Is it possible to sort a list with reduce?

Question

I was given this as an exercise. I could of course sort a list by using sorted() or other ways from Python Standard Library, but I can't in this case. I think I'm only supposed to use reduce().

from functools import reduce
arr = [17, 2, 3, 6, 1, 3, 1, 9, 5, 3]
sorted_arr = reduce(lambda a,b : (b,a) if a > b else (a,b), arr)

The error I get:

TypeError: '>' not supported between instances of 'tuple' and 'int'

Which is expected, because my reduce function inserts a tuple into the int array, instead of 2 separate integers. And then the tuple gets compared to an int...

Is there a way to insert back 2 numbers into the list, and only run the function on every second number in the list? Or a way to swap the numbers with using reduce()?

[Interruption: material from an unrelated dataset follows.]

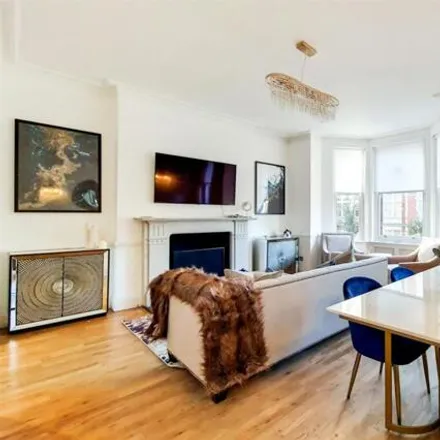 Rent this 2 bed room on 4 Windmill Hill in London, NW3 6RU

Documentation says very little about the reduce function, so I am out of ideas right now. https://docs.python.org/3/library/functools.html?highlight=reduce#functools.reduce

Answer 1

Here is one way to sort the list using reduce:

arr = [17, 2, 3, 6, 1, 3, 1, 9, 5, 3]
sorted_arr = reduce(
    lambda a, b: [x for x in a if x <= b] + [b] + [x for x in a if x > b],
    arr,
    []
)
print(sorted_arr)
#[1, 1, 2, 3, 3, 3, 5, 6, 9, 17]

At each reduce step, build a new output list which concatenates a list of all of the values less than or equal to b, [b], and a list of all of the values greater than b. Use the optional third argument to reduce to initialize the output to an empty list.

Answer 2

I think you're misunderstanding how reduce works here. Reduce is synonymous to right-fold in some other languages (e.g. Haskell). The first argument expects a function which takes two parameters: an accumulator and an element to accumulate.

Let's hack into it:

arr = [17, 2, 3, 6, 1, 3, 1, 9, 5, 3]
reduce(lambda xs, x: [print(xs, x), xs+[x]][1], arr, [])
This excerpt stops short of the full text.